Under this line are the records; repeat exactly the lines starting at the one containing "1880 Bay Road, Unit" and ending at the one containing "a closet filled", omitting pictures.

**Records supplied**:
= Beginning of Section =
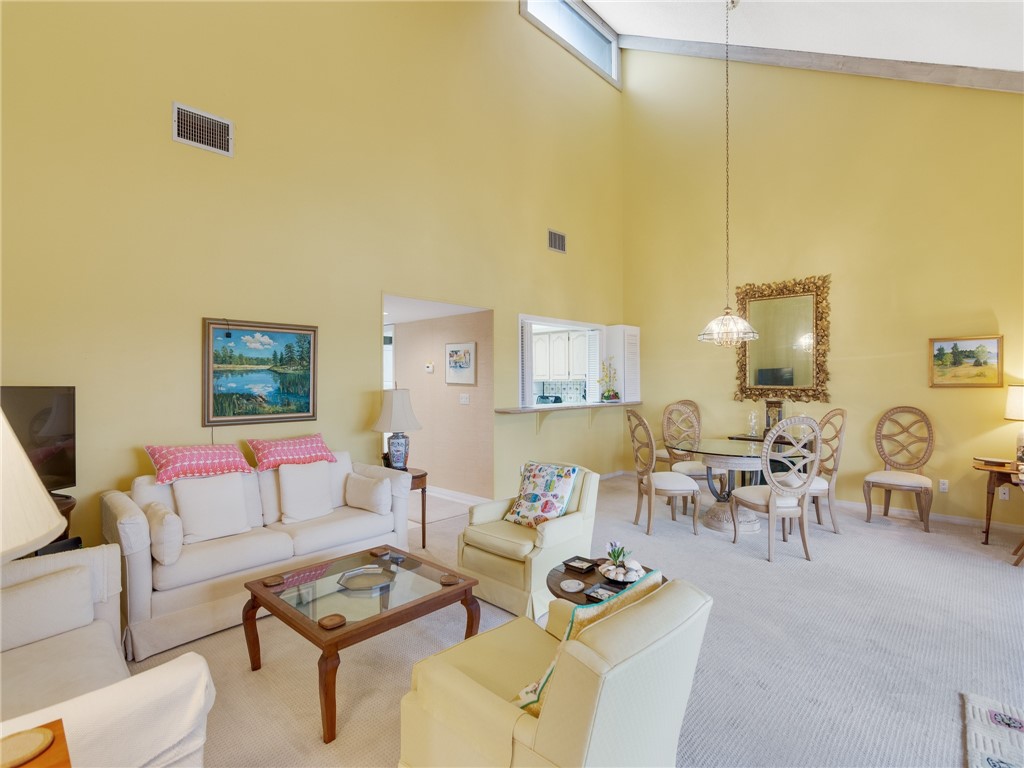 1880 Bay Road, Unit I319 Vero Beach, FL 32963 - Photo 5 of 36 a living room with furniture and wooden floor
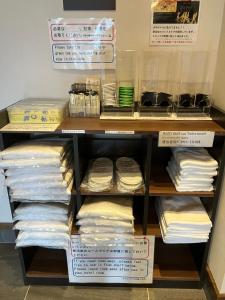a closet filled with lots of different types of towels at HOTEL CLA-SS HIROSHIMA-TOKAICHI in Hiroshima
= End of Section =
= Beginning of Section =
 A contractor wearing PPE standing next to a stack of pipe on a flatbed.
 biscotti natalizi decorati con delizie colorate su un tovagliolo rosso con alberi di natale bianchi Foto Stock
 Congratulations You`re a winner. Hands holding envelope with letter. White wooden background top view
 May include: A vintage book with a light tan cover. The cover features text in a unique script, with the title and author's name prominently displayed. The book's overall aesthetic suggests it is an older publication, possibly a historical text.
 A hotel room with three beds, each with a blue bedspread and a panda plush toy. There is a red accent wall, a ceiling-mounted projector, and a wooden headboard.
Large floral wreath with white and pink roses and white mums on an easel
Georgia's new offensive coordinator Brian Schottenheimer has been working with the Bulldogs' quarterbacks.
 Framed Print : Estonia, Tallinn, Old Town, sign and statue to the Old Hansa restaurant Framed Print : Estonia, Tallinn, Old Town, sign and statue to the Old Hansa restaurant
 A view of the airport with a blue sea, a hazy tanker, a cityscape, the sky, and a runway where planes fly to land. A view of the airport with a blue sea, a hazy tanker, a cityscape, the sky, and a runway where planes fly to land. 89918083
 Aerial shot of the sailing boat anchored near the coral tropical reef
= End of Section =
**Answer**:
 1880 Bay Road, Unit I319 Vero Beach, FL 32963 - Photo 5 of 36 a living room with furniture and wooden floor
a closet filled with lots of different types of towels at HOTEL CLA-SS HIROSHIMA-TOKAICHI in Hiroshima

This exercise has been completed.